Opportunity is fresh off discovering evidence that water not only flowed on the surface but billions of years ago may have had the right acidity to help form chemicals that serve as precursors to life, mission investigators say. The rover made that discovery by analyzing a rock in Endeavour Crater with the help of its α-particle X-ray spectrometer.
The analysis of the rock, which investigators call Esperance, revealed that its composition mirrors that of clay minerals that form in waters at neutral or higher pH on Earth. Water, perhaps at a drinkable pH, may have flowed through fractures in the rock and altered it to produce the clay-mineral composition, says principal investigator Steven W. Squyres of Cornell University.
It’s not the first evidence scientists have found for neutral-pH water on Mars, but it’s by far the most compelling Opportunity has discovered, Squyres explains. In addition to indirect measurements from orbiters, the Curiosity rover, which recently joined Opportunity on Mars, has also found clay minerals suggestive of neutral-pH water. And Spirit previously discovered magnesium and iron carbonates, which Squyres says are difficult to produce in acidic conditions.
Those pH findings also suggest that water on Mars became more acidic over time, the researchers say. Most water evidence in the plain Opportunity has explored involves relatively young rocks rich in sulfates, suggestive of water that contained sulfuric acid. By contrast, the researchers say, Esperance—which is probably far older than most other rocks there, perhaps predating the crater itself—is less rich in sulfates.
The martian winter is nearing in the planet’s southern hemisphere, where Opportunity is located. But because Solander Point, which the rover may reach as early as August, harbors elevated, angled ground, Opportunity’s solar panels will get enough energy from the sun to keep it running through the coming season.
The exposed rock stack there that scientists want the rover to analyze is tens of meters high, far taller than previously encountered martian stacks, and it may have been uplifted during the impact event that formed Endeavour. Not only could analyzing the rock at Solander help researchers better understand the Esperance findings, but it also could help them more precisely and thoroughly characterize the historical geology and environment of Mars, says deputy principal investigator Raymond E. Arvidson of Washington University in St. Louis.
But having traveled far and endured years of hostile conditions and temperature changes on the martian surface, Opportunity is showing signs of age. Its legs have robotic arthritis. The risk of a major equipment or electronics failure has risen, and there’s no way to predict when one might occur. “So each day is a gift,” Callas says.
As long as Opportunity lives on, scientists say, they will keep putting it to work. It has exceeded expectations, explains Bethany L. Ehlmann, a California Institute of Technology and JPL planetary scientist who has worked on the Opportunity, Spirit, and Curiosity missions.
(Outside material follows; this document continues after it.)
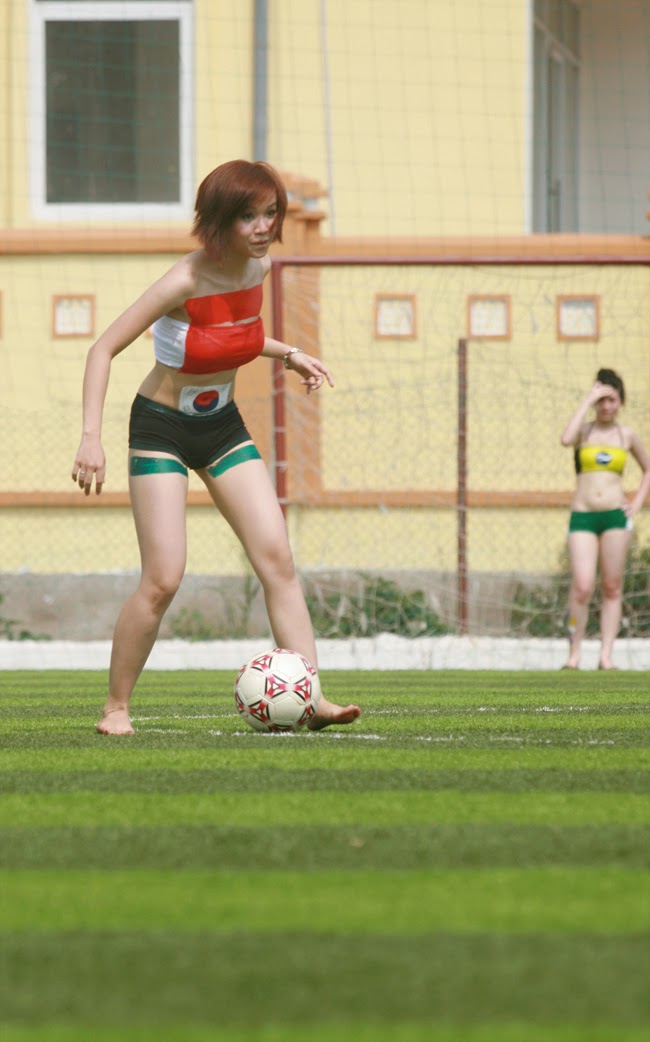 World Cup 2014: Ảnh hot girl Việt đua tài trên sân cỏ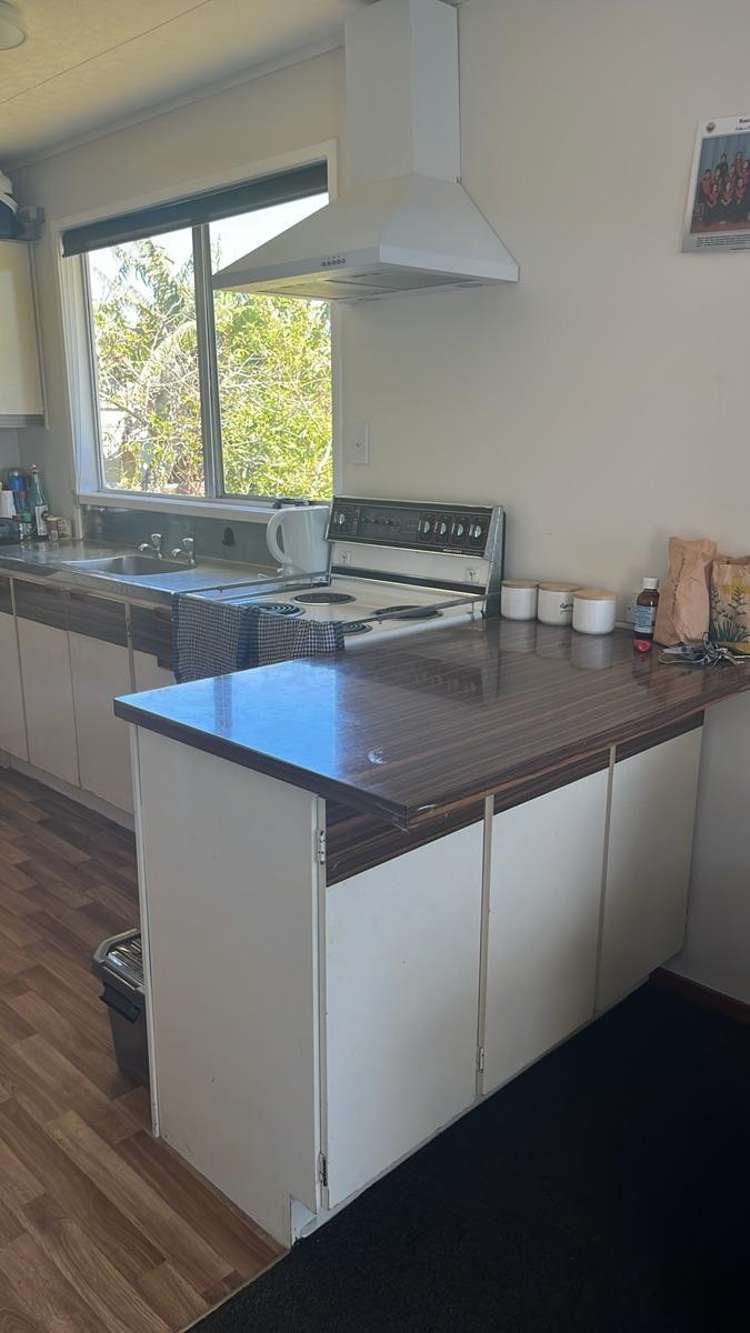 2/1 Matua Place Clendon Park_7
Beyond making discoveries of the planet’s geology, Opportunity has also amassed 10 years’ worth of weather and atmospheric observations—useful for future mission planning, she notes. And it has given scientists and engineers invaluable experience operating rovers and helped them fully realize just how powerful these tools can be for science. “The scientific ‘bang for the buck’ has been outstanding,” Ehlmann says.